I saw this at Sundance. It seemed well received. I can't really judge. I think I've seen less than a dozen scary movies in my whole life; the last being Cabin in the Woods. So I may not be the best judge of "It Follows". And I'd really like to hear opinions from other Filmspotters.
First, I liked that it was psycho scary, not gross out scary. A lot a reviewers have commented on the scariest scenes being someone just walking slowly straight toward camera. I must admit, I was more scared by the jump scares. I liked the suspense in the scenes with "It". Whether it was the girl in the movie theater, or the different people walking across the grass. Or the guy on the roof. (BTW - that really is the Redford Michigan Movie theater. They run old films on Fridays and Saturdays)
I really liked when Jay was somewhere by herself, just looking around, waiting for her follower. Unfortunately, the soundtrack seemed to be turned up to 11. This meant the scary music seemed over the top a lot, and it really telegraphed what was going to happen next. I've seen many reviews praising the soundtrack. So much so that I wonder if it was reworked between Sundance and wide release.
The film did look kind of grainy and independent. It had almost a home made, faded quality to it. At times this was distracting. But, I thought the framing and the shots were well done. Good visual technique. Obviously, the director has learned from watching a lot of movies and I thought the point of view was always interesting and not too showy. It helped with the suspense.
I liked the overall feel. Maybe this is because I live in the area where it was shot, and recognized many of the settings, but it didn't feel bigger than life. It felt real. I didn't consciously notice how much director David Robert Mitchell tried to convey a timeless quality, but I felt it when I watched the film. The sets didn't feel dressed. They felt organic. The wardrobe was not as successful however. It felt planned and a bit unnatural. That did the characters a disservice. Because how the teenagers related to each other felt familiar and not stagey. Maia Monroe as Jay, was always interesting to watch. I was also pulled in to Bailey Spry's performance, even though she is only in the first scenes. I am hoping to see her on screen again.
The "waiting" section was very draggy. I'm hoping that was intentional, as it echoed the awful waiting to see what happens next that Jay was facing. But it made me shuffle around waiting for the film to just get on with it.
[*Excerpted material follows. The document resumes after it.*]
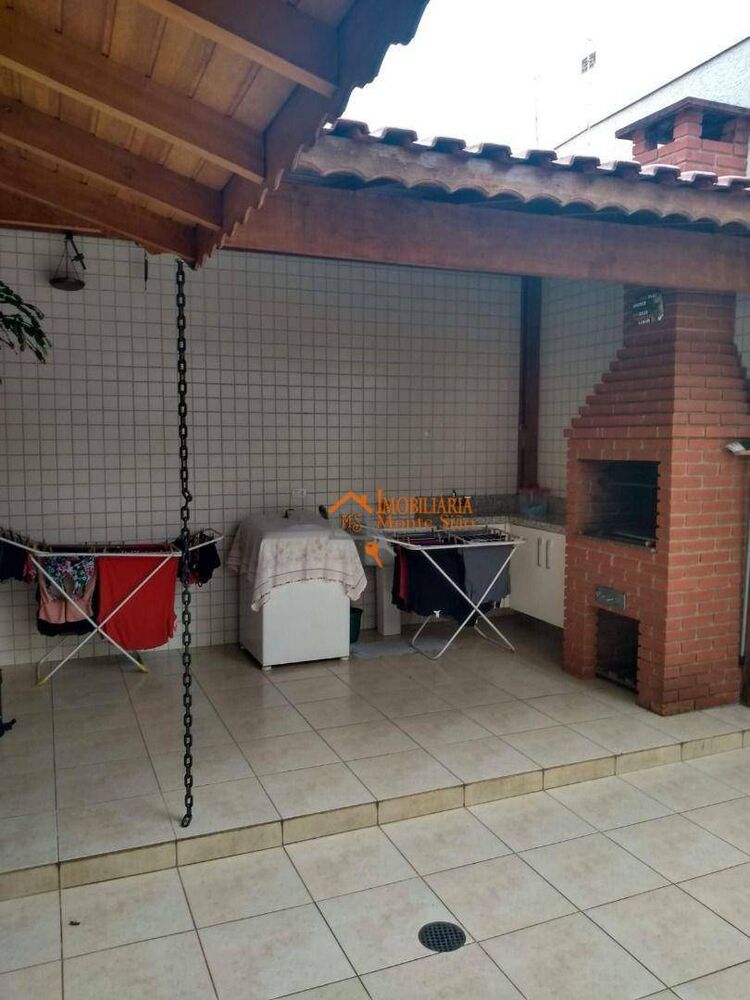 Sobrado, 3 quartos, 191 m² - Foto 7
The water theme started out great. Jay in the backyard pool was so intriguing. And the girls in Lake Michigan was tense. But I don't think it sufficiently set the stage for the final attack in the swimming pool.
Many comments online about an unsatisfying third act. I kind of agree. At the time I remember not minding the ending. But now, two months later, I honestly don't remember exactly how the films ends. I remember loving the atmosphere in the public swimming pool, and the lighting, but after that, not many memories.
This is a director I will seek out in the future. Overall it was an good watch because I had no expectations going into the film. I can't confirm that this is the best horror film of the 21st century, or even that it's the best since Blair Witch. All that sounds like hyperbole anyway, and I just don't have the exposure to this genre to compare it to anything.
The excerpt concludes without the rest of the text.